A library must have a collection of materials that carry information. In addition to its collection, a library must have some kind of organizational rules and some kind of finding mechanisms, collectively known as its "technologies" (e.g., catalogs, search engines). Finally, every library serves one or more identifiable communities of users. A library becomes digital as the collection, the technologies, and the relation to the users are converted from printed formats (i.e., books and paper) to electronic formats. First, the collection itself must be made machine readable. Next, the technologies must be converted to computer-based forms. Finally, an interface to members of the user community must be provided in computer formats. A digital library may be as small as the set of files on one person's computer, organized into a hierarchical directory structure and supplemented by the owner's personal scheme for naming files and directories. In such a system, the meaning of the path name "c:/documents/personal/smith.david/to/2000April2 4" is clear to the owner of the system. However, if the owner wished to locate the letter in which "I wrote to David Smith about Aunt Martha," this naming scheme might not be adequate. If the system were used by many people, the problem would be complicated further by the possibility of there being more than one David Smith. The problem of indexing or organizing by content exists for every digital library, from the smallest to the largest. The key technology for solving this problem is called "information retrieval."

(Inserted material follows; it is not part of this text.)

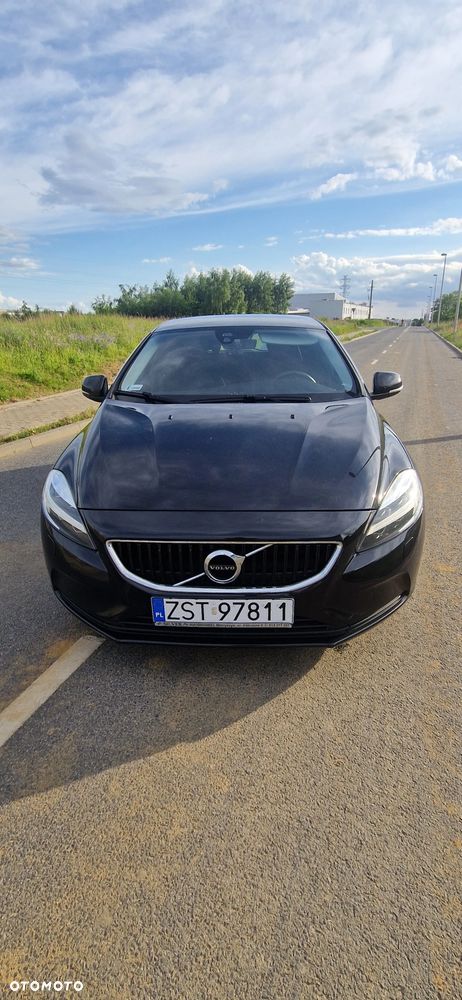 Volvo V40 D2 Momentum - 2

The purpose of a library, viewed in the broadest sense, is to facilitate communication across space and time by selecting, preserving, organizing, and making accessible documents of all kinds. Digital libraries provide many opportunities to improve upon paper libraries. For example, methods of information retrieval make it possible to index books at the level of chapters, or even at the level of sections and paragraphs. However, just as a paper library can provide too many books, digital libraries can provide an even greater over-abundance of documents, chapters, and passages. This calls for improvements at the micro level (e.g., better identification of relevant passages) and at the macro level (e.g., effective organization of vast networks into useful and usable logical collections). In addition, the old problem of preserving fragile paper materials is replaced by the problem of maintaining usability, given the potential transience of particular modes of storage (e.g., magnetic tape, diskette, CD-ROM, DVD). Libraries must plan for unending migration of their collections to new modes of storage.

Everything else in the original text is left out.